Al-Ahsa Oasis

I have to admit I completely missed the 2017 diplomatic conflict between Saudi-Arabia and Qatar. What I assumed was a three-hour bus trip between Doha and Al-Hofuf turned out to be an international flight from Doha to Riyadh, followed by a two-hour train journey on the 1980s Dammam-Riyadh line.

Dammam–Riyadh line

I came to Al-Hofuf to see the Al Ahsa Oasis, which has been protected as a cultural landscape by UNESCO since 2018. With 2.5 million date palm trees, it is the largest oasis in the world. I had hoped to study the water management, but I only had one day and too little time for that. The oasis is so extensive that taxis are necessary to travel from one location to another.

Al-Qarah Mountain جَبَل ٱلْقَارَة Jabal Al-Qārah

Within the oasis is Al-Qarah Mountain, a mesa about 75 meters high with caves formed primarily by water erosion. The temperatures inside the caves are quite pleasant, which is why they have been inhabited since ancient times. Now, the caves have been turned into a tourist attraction called The Land of Civilisation, and I was the only visitor that morning.

Before entering the caves, I purchased some dates for breakfast. I love the practice of replacing the pits with almonds. While I was never a big fan of dates, after tasting them in Saudi Arabia, I have become a fan—you just need to buy quality dates.

Entrance to the caves.

People inside Al-Qarah Mountain, 1924 A.D.

Before entering the caves, I was led through a small exhibition about the history of Islam. This is Saudi Arabia flexing its soft power muscle. The host spoke perfect English, and at the end of the tour, I was handed a bag with some gifts: two paper cups of Arabic coffee and dates (which came in handy as breakfast in my hotel room), an English translation of the Quran, and some Vision 2030 leaflets.

Al Khalifa Heritage Museum متحف الخليفة التراثي

Once upon a time, the oasis was the only place in Saudi Arabia where rice was grown. However, in 1938, petroleum was discovered near Dammam. Today, the largest oil field, the Ghawar Field, is located in the Al-Ahsa Governorate, leading to the region's rapid modernization. The tiny Al Khalifa Heritage Museum serves as a testament to that process, and I was the only visitor that day.

The oasis boasts a total of 2.5 million date palm trees, and I learned that the date farms are privately owned, with a total production of 100,000 tons of dates per year. After visiting Al-Qarah Mountain and the heritage museum, I spent the rest of the day wandering through the date farms. Those palm trees are quite beautiful.

Source: Analyzing the Spatial Correspondence between Different Date Fruit Cultivars and Farms’ Cultivated Areas, Case Study: Al-Ahsa Oasis, Kingdom of Saudi Arabia. https://www.mdpi.com/2076-3417/12/11/5728

I had planned to get a haircut during my trip, but the choice of barber turned out to be quite random. I took a taxi ride to a كبسة kabsah restaurant, only to find it was takeout only. As I started walking and feeling a bit lost, I passed a barber shop. Without thinking, I walked in and discovered that they didn't speak English or Arabic—they were Turkish.

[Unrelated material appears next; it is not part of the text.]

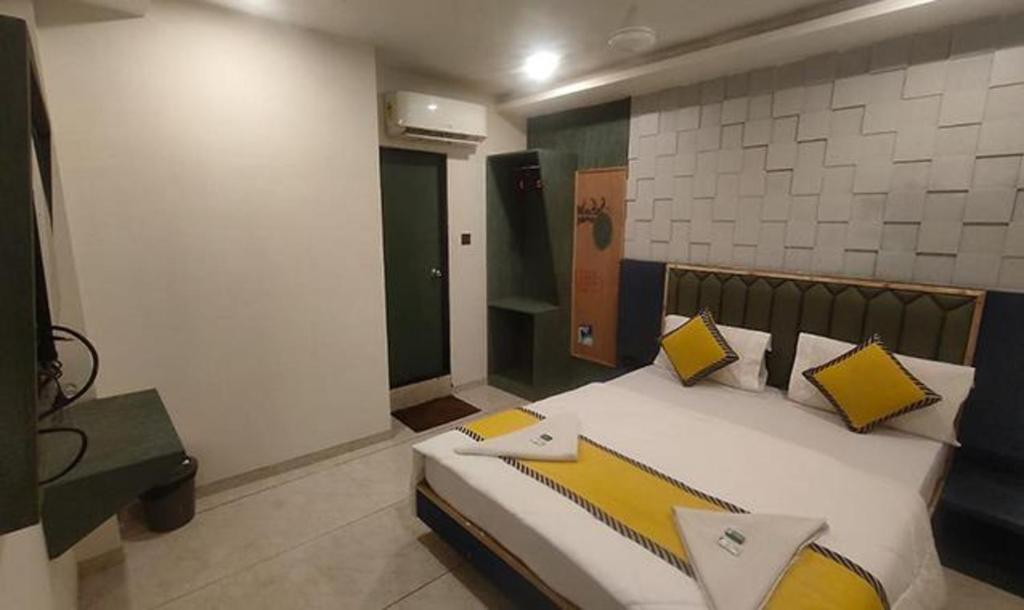 Tempat tidur dalam kamar di FabHotel 7 Star I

I did understand that they were advising me to dye my graying beard black, and from that moment on, I simply nodded at every suggestion they made. The whole process took an hour and a half, and at one point, I even looked like a smurf! I paid 100 riyals, which wasn't too bad for the amount of time they spent on me.

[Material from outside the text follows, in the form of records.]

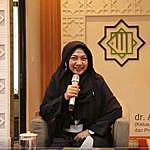 dr. Aisyah Dahlan,C.Ht - @dr.aisyahdahlan.official Instagram Profile Photo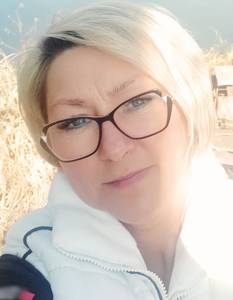 Femme célibataire 49 ans à Le Puy-en-Velay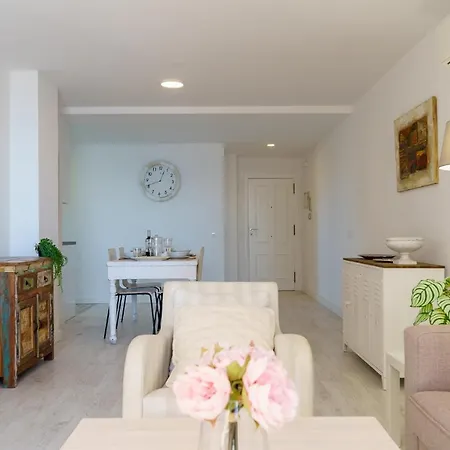아파트 Malagasuite Living Coast *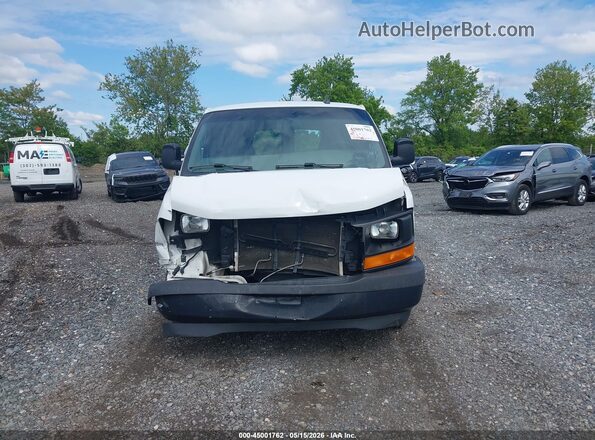 1GCWGAFF6H1103307 2017 CHEVROLET EXPRESS Белый Вид щитка приборов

Planes, Trains and Automobiles

This was not my most environmentally friendly journey. To get from Al-Hofuf to Jeddah, I had to backtrack by train to Riyadh and then choose between a 14-hour bus ride or a one-and-a-half-hour flight. Naturally, the train station is located in the south of Riyadh, while the airport is in the north, so I had to take a 50-kilometer taxi ride once again. Nonetheless, I reached my hotel in Jeddah before 4 PM the same day.

EMD SD50 diesel locomotive on the Dammam–Riyadh line. The line was opened. in 1981. There is also a second Dammam–Riyadh line via Haradh, which is only used for freight.

Historic Jeddah

I had planned to visit the ancient rock art in the Ha’il region, 90 km northwest of the city of Ha’il. These carvings, dating back up to 10,000 years, are part of a UNESCO World Heritage site. BHowever, Google indicated that the site was temporarily closed. When I contacted tour companies for more information, they confirmed that no tours were currently available. I assumed the extreme heat of the summer season made visits impractical. I redirected my plans to the port city of Jeddah. Historic Jeddah, the Gate to Makkah, is another UNESCO World Heritage site.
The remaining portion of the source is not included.